Saturday Night Live recently aired a fictitious movie trailer for “DJesus Uncrossed,” a spoof of the film, “Django Unchained.” The skit was based on Jesus’ return, stating that “he’s risen from the dead . . . and he’s preaching anything but forgiveness.” It was one of the most blasphemous videos I’ve ever seen.
Response from the Christian community has been swift. The American Family Association asked people to petition Kmart, Sears, and J.C. Penney, asking that they pull all advertising from Saturday Night Live. Televangelist Pat Robertson described SNL’s skits as “anti-Christian bigotry that is just disgusting.”
Fox News contributor Todd Starnes wondered, “Does NBC hate Christians?” and noted that “offending Christians is apparently what passes for entertainment these days.” He added, “I find it interesting that the networks always mock and ridicule Christianity—but they give other religions a pass. Why aren’t the writers at SNL churning out weekly skits about Islam—or the Prophet Muhammad?”

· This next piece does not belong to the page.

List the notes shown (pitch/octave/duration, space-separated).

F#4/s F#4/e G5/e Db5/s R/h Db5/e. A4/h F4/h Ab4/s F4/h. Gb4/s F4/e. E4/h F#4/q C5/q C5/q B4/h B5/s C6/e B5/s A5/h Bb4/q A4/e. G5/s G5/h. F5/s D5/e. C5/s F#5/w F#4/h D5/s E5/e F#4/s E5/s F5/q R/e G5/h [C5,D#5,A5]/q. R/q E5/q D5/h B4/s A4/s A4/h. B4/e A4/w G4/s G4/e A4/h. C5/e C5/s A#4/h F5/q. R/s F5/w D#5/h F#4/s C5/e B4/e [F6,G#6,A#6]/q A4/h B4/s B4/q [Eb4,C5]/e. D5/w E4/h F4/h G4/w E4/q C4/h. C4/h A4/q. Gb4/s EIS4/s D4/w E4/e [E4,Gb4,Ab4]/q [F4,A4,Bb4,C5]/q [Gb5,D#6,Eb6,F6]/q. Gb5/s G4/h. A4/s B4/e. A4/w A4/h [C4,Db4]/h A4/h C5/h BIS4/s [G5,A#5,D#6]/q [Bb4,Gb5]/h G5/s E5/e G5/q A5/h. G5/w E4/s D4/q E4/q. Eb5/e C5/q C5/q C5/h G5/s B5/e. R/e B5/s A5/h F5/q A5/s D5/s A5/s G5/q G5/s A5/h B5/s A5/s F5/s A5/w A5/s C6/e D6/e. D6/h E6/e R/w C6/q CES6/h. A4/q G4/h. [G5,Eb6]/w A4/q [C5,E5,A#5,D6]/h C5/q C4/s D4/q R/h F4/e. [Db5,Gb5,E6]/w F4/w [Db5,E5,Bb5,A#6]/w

Mark Joseph, a movie producer who worked on such films as Ray and Amazing Grace, said that the Christian community needs to push back if it wants to prevent similar sketches in the future. “If Harvey Milk or Martin Luther King Jr. had been depicted like this, [the show’s producers] would be undergoing sensitivity training this week,” he predicted. “The Christian community has nobody to blame but itself since there is no price to pay for doing things like this. In our culture artists will push until they get pushback. Why should they stop when there is never any serious pushback from a respected leader or group in the faith community?”
Is he right? How should Christians respond to attacks on our Lord?

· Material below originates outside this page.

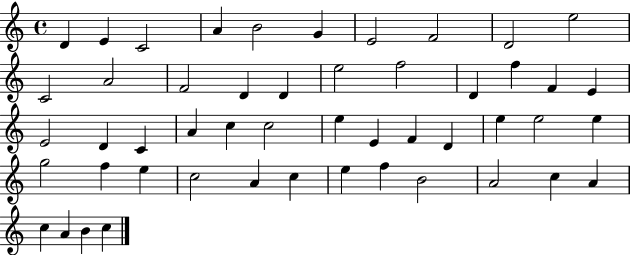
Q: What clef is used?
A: treble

On one hand, Jesus taught us: “Do not resist an evil person. If someone strikes you on the right cheek, turn to him the other also” (Matthew 5:39). In the Garden of Gethsemane, he refused to call twelve legions of angels to his defense (Matthew 26:53) and told Peter to “put your sword back in its place” (v. 52). On the other hand, he drove moneychangers from the temple (Matthew 21:12-16) and denounced the sinful religious authorities of his day (Matthew 23).
What should believers do when Jesus is slandered by our culture? Please share your thoughts. And join me in seeking to live today so that you honor your Lord. Jesus is not be surprised when lost people act like lost people. But he is grieved when his followers do.